A huge fireball exploded in the Earth's atmosphere in December, according to Nasa.
The blast was the second largest of its kind in 30 years, and the biggest since the fireball over Chelyabinsk in Russia six years ago.
But it went largely unnoticed until now because it blew up over the Bering Sea, off Russia's Kamchatka Peninsula.
The space rock exploded with 10 times the energy released by the Hiroshima atomic bomb.
Lindley Johnson, planetary defence officer at Nasa, told BBC News a fireball this big is only expected about two or three times every 100 years.
What do we know?
At about noon local time on 18 December, the asteroid barrelled through the atmosphere at a speed of 32km/s (20 miles per second) , on a steep trajectory of seven degrees.
Measuring several metres in size, the space rock exploded 25.6km above the Earth's surface, with an impact energy of 173 kilotons.
"That was 40% the energy release of Chelyabinsk, but it was over the Bering Sea so it didn't have the same type of effect or show up in the news," said Kelly Fast, near-Earth objects observations programme manager at Nasa.
"That's another thing we have in our defence, there's plenty of water on the planet."
Dr Fast was discussing the event here at the 50th Lunar and Planetary Science Conference in The Woodlands, near Houston, Texas.
Military satellites picked up the blast last year; Nasa was notified of the event by the US Air Force.
Dr Johnson said the fireball came in over an area not too far from routes used by commercial planes flying between North America and Asia. So researchers have been checking with airlines to see if there were any reported sightings of the event.
What's the significance?
In 2005, Congress tasked Nasa with finding 90% of near-Earth asteroids of 140m (460ft) in size or larger by 2020. Space rocks of this size are so-called "problems without passports" because they are expected to affect whole regions if they collide with Earth. But scientists estimate it will take them another 30 years to fulfil this congressional directive.
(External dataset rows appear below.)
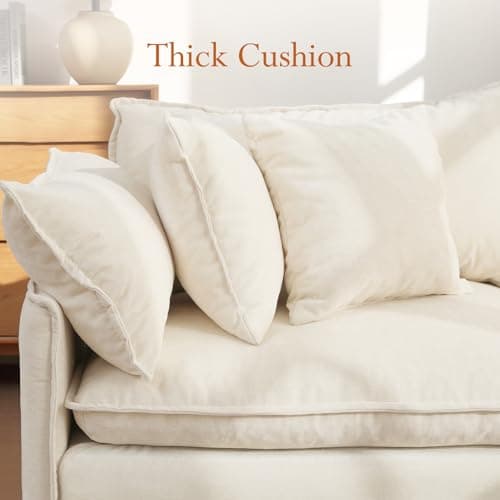 Vesgantti 108" Modular Sectional Sofa, Comfy Cloud Couch with Movable Ottoman Deep Seat Chenille L Shaped Modular Sofa, Sectional Couches for Living Room, Bedroom and Apartment, Beige 11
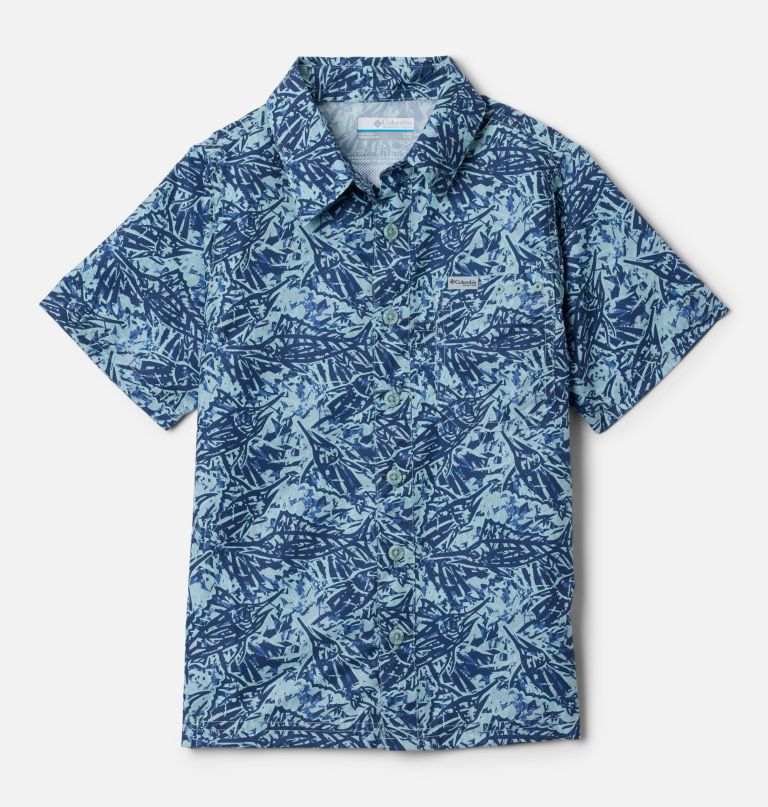 boys pfg super slack tide short sleeve camp shirt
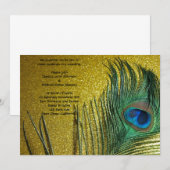 Golden Yellow Peacock Wedding Kaart (Voorkant / Achterkant)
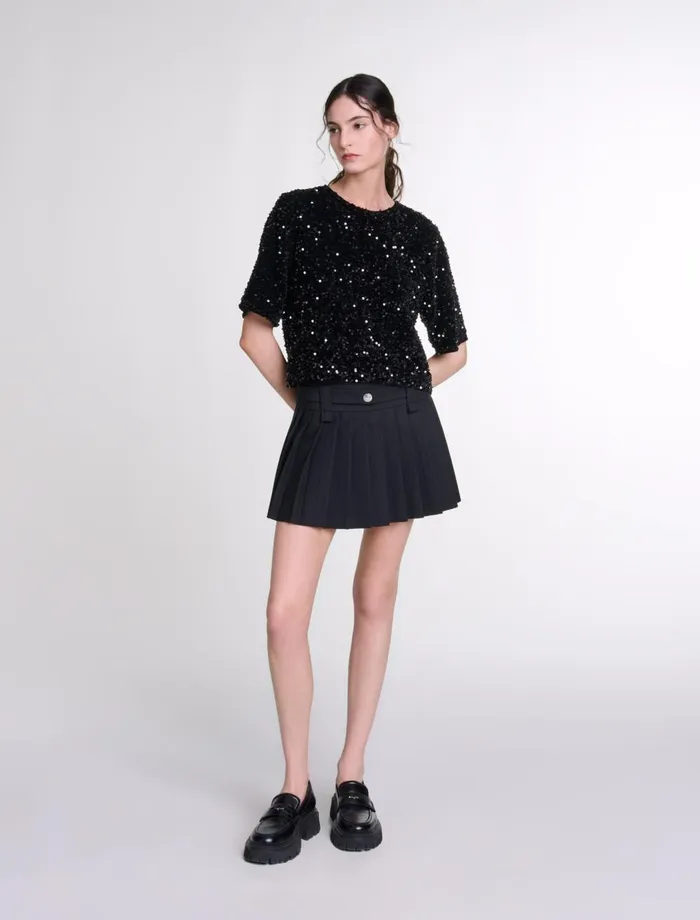 Tops and Shirts Women Maje Sequinned Velvet Top Black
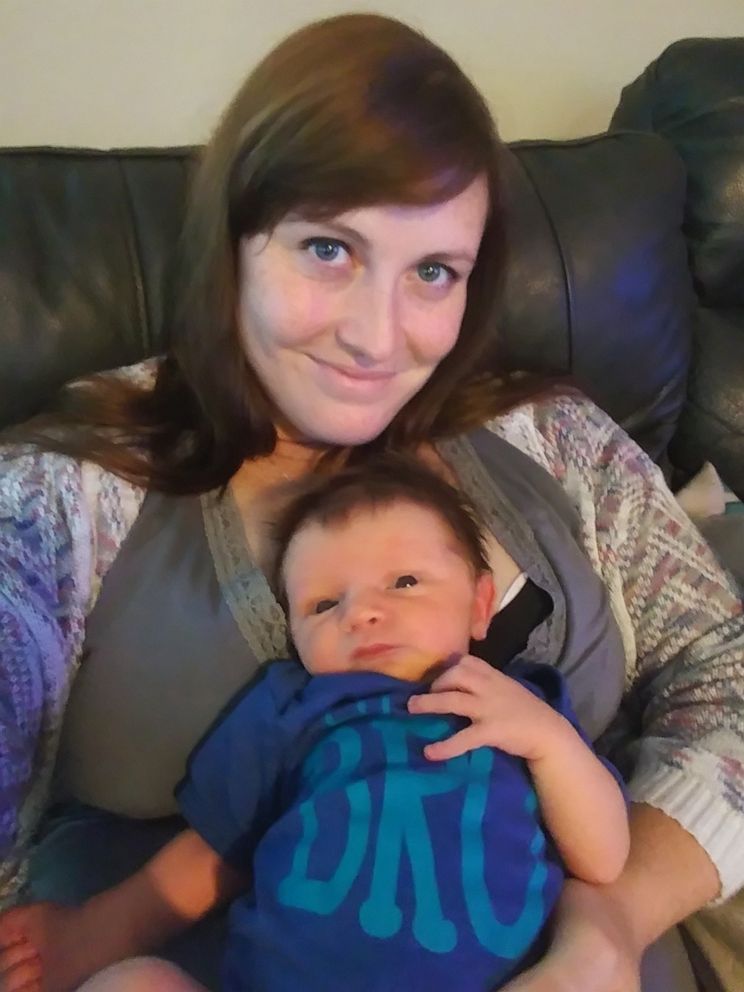 PHOTO: Emily Johnson holds her newborn son Thomas.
Once an incoming object is identified, Nasa has had some notable success at calculating where on Earth the impact will occur, based on a precise determination of its orbit.
In June 2018, the small 3m (10ft) asteroid 2018 LA was discovered by a ground-based observatory in Arizona eight hours before impact. The Center for Near-Earth Object Studies at Nasa's Jet Propulsion Laboratory (JPL) then made a precision determination of its orbit, which was used to calculate a probable impact location. This showed the rock was likely to hit southern Africa.
Just as the calculation suggested, a fireball was recorded over Botswana by security camera footage on a farm. Fragments of the object were later found in the area.
How can monitoring be improved?
The latest event over the Bering Sea shows that larger objects can collide with us without warning, underlining the need for enhanced monitoring.
A more robust network would be dependent not only on ground telescopes, but space-based observatories also.
A mission concept in development would see a telescope called NeoCam launched to a gravitational balance point in space, where it would discover and characterise potentially hazardous asteroids larger than 140m.
Dr Amy Mainzer, chief scientist on NeoCam at JPL, said: "The idea is really to get as close as possible to reaching that 90% goal of finding the 140m and larger near-Earth asteroids given to Nasa by Congress.
She said that if the mission did not launch, projections suggested it would "take us many decades to get there with the existing suite of ground-based surveys".
Dr Mainzer added: "But if you have an IR-based (infrared) telescope, it goes a lot faster."